ABC special looks at legendary life and career of Garry Marshall


ABC remembers television and movie wizard Garry Marshall in a two-hour special airing Tuesday night.

“The Happy Days of Garry Marshall” (8-10 p.m.) pays tribute to the mastermind behind classic TV shows “Happy Days,” “Laverne & Shirley” and “Mork & Mindy” and the director of popular movies including “Pretty Woman,” “A League of Their Own” and “Beaches.”

The Bronx-born Marshall’s life and career is recalled through reminiscences from his family, friends and colleagues. Marshall’s own recorded voice features prominently throughout the telecast (he died in 2016 at the age of 81).

On-camera interviews include Julia Roberts, Julie Andrews, Richard Gere, Pam Dawber and Henry Winkler — who shot to stardom as Fonzie on “Happy Days.”

“The diversity of his vision was surprising at every turn,” Winkler, 74, tells The Post. “He had the ability, once he was tired or bored with TV … to challenge himself, and he went on to make wonderful movies that had enormous depth of the human condition.

“He had this creative river that just flowed out of him.”

Winkler says he learned first-hand the respect, loyalty and — and, in some cases, awe — that Marshall inspired once they became close friends.

“I’m so grateful that he came into my life,” he says. “The amazing thing was that when I would go and have lunch with him at his office at the Falcon Theatre — which is now The Garry Marshall Theatre — it was filled with memorabilia from every project he’d ever worked on.
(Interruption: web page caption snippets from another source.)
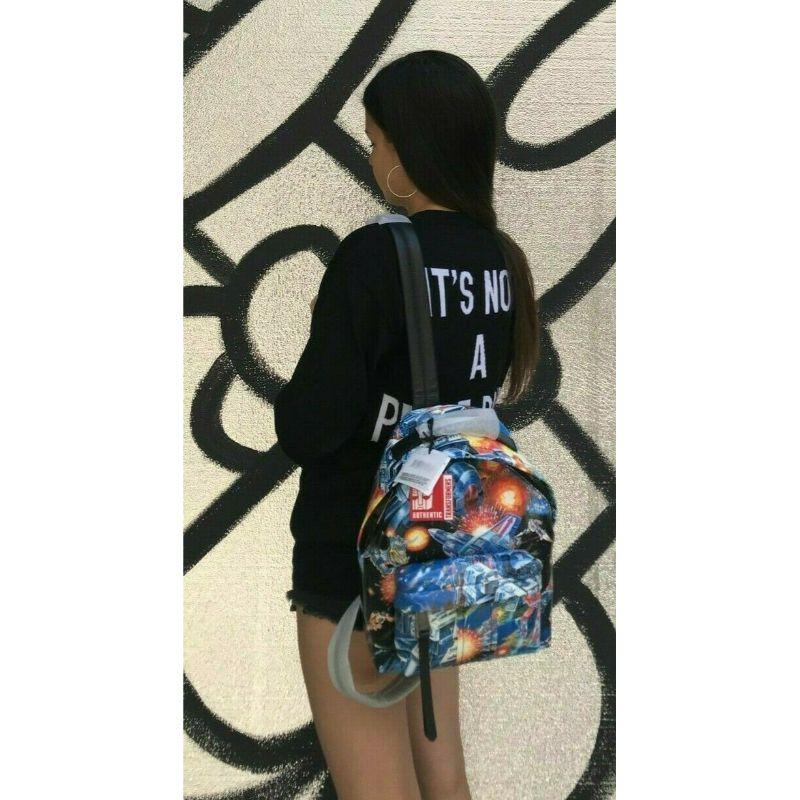 AW17 Moschino Couture Jeremy Scott Transformers Blue Multi-color Print Backpack For Sale 3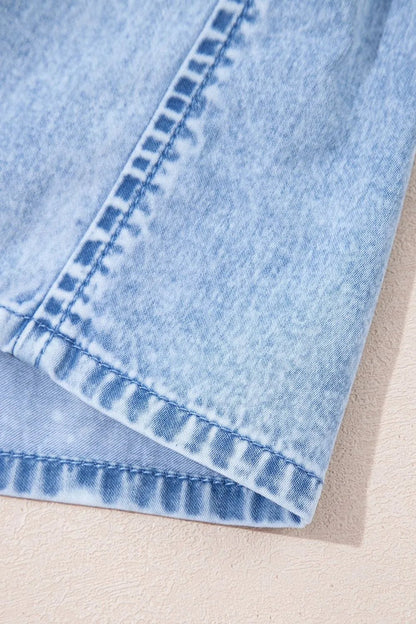 Bow Detail Spaghetti Straps Ruffle Hem Denim Dress – Light Blue Dresses for Shopify Collective (11 view)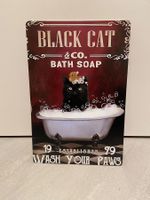BLACK CAT & CO. BATH SOAP Vintage Blechschild Neu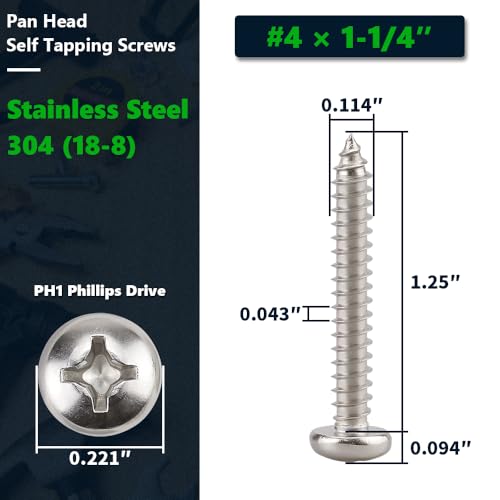 #4 x 1-1/4" (100 Pack) Stainless Steel Phillips Pan Head Wood Screws, Stainless Steel 304 (18-8), Pan Head Sheet Metal Screws Self Tapping for Wood - size: #4 x 1-1/4"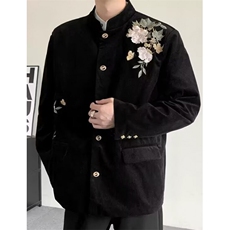 春秋新中式重工刺绣玉兰花中山装西服外套男复古痞帅西服XFC22，男装西服，星座1116A（原606A-3）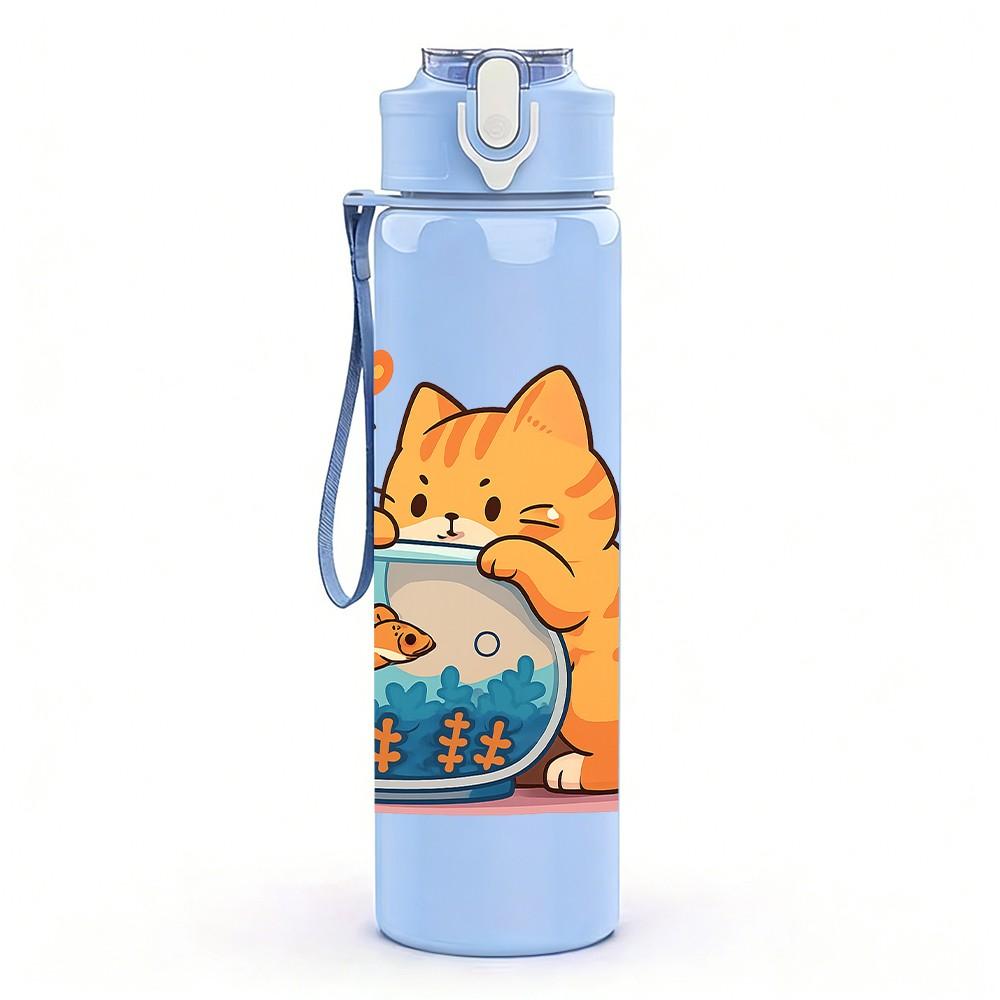 1PC Kitty Fish Bowl Print 750ml Color Plastic Sports Water Bottle Leakproof Flip Straw Lid Suitable for Sports Office Home Use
There was almost no place to sit down.

“And while we’re having lunch, he’s Ace-bandaging both knees because he would not give up the opportunity to play softball or basketball. While we’d be chatting, there was a line of people outside, some he knew and some he didn’t know, just hoping for a moment with the guru.

“And he had time for everybody.”

Marshall was no flash-in-the-pan. His comedy-writing resume included “The Jack Paar Show,” “The Dick Van Dyke Show,” “The Joey Bishop Show” and “The Lucy Show.” He’d adapted Neil Simon’s “The Odd Couple,” which ran for five seasons on ABC with stars Tony Randall and Jack Klugman.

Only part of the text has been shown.